Tonight we wanted a little more greens to our meal since we’ve been on a carnivorous diet of late. I can’t even remember our last meal where we didn’t have meat or poultry for our main dish (unless you count pizza I suppose). Regardless, we decided on skirt steak on the basis of getting some variety and it looked “light” compared to the other huge slabs of meat. As you might already know, skirt steak is not known for its tenderness but rather its flavor when prepared the right way.
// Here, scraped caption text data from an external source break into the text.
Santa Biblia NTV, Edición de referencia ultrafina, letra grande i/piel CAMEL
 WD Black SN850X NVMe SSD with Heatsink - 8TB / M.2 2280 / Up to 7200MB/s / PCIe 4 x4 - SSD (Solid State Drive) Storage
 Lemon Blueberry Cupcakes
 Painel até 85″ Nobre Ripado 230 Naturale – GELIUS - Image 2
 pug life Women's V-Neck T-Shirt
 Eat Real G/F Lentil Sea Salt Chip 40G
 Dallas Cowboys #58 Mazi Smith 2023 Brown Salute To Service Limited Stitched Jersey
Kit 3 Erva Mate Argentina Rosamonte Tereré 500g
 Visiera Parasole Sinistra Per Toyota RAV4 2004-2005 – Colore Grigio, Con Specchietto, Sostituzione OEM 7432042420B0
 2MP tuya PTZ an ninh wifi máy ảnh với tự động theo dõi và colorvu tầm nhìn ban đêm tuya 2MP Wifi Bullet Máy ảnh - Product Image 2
The best way to get the most out of it is by marinating to tenderize the meat and create full-on flavors, but because of time constraints we didn’t have time to marinate it like we usually do with these tougher meats. So we did the next best thing and pan-seared it pretty quickly to keep it tender as possible. In the end, all the taste testers gave their approval and completed their meals in record time.
Servings: 4 people
- 2 or 3 lb skirt steak (or flank steak)
- 1 tsp steak seasoning (pre-rub)
- dash of salt and pepper (pre-rub)
- 1 bunch fresh asparagus, wash & hard stems cut off
- 1 tbsp olive oil
- 1 tsp garlic salt powder
- 1 bag spring lettuce medley
- 1, 2 navel orange, peeled & skinned
- 2 tbsp balsamic vinegar
- 1 tbsp brown sugar
- 1 tsp olive oil
- sprinkle of salt & pepper
- 2 lemon wedges, juiced
- 3 tbsp soy sauce
- 2 tbsp brown sugar
- 2 garlic cloves, minced
- 1 tsp ginger, minced
- 1 scallion, thinly sliced
- 1 tsp sesame seeds
- At least 30 minutes before cooking, rub in the seasonings on the skirt steak vigorously by hand and let sit at room temperature until ready to coo.
- Meanwhile prepare the sauce by mincing the garlic and ginger pieces. Add all ingredients in a sauce pan and bring to a boil until it thickens. Over a small bowl, pour sauce contents over a sieve or strainer to catch large pieces. Discard remaining garlic and ginger pieces while pouring sauce back into saucepan. Let simmer on low until steak is complete while adding the thinly sliced scallion and sesame seeds just before plating.
- For the salad, wash the spring mix salad under cold water a few times and discard rotten or bruised sections. Using a paring knife, skin the orange to the flesh and thinly slice round pieces. In a large bowl, bring the salad vinaigrette ingredients and whisk until well mixed; add spring mix. Plate orange slices and spring mix together with dressing of choice or lemon wedges.
- For the asparagus, be sure to rinse under cold water by removing any debris or sediments that may be trapped. Drain and stir fry with 1 tbsp olive oil and garlic salt for seasoning. Cook for 7, 8 minutes or until asparagus begins to “bend” but retain crispness.
- On a non-stick skillet or fry pan, cook the skirt steak on medium-high heat about 10 minutes on each side or until slightly charred. Transfer to a cutting board and let sit for 5~10 minutes. Make sure to slice/cut against the grain of the steak.
- Cut the skirt steak in thin, diagonal slices against the grain. Baste with the simmering sauce and serve with the spring mix salad and asparagus. If available, sprinkle with remaining lemon wedges.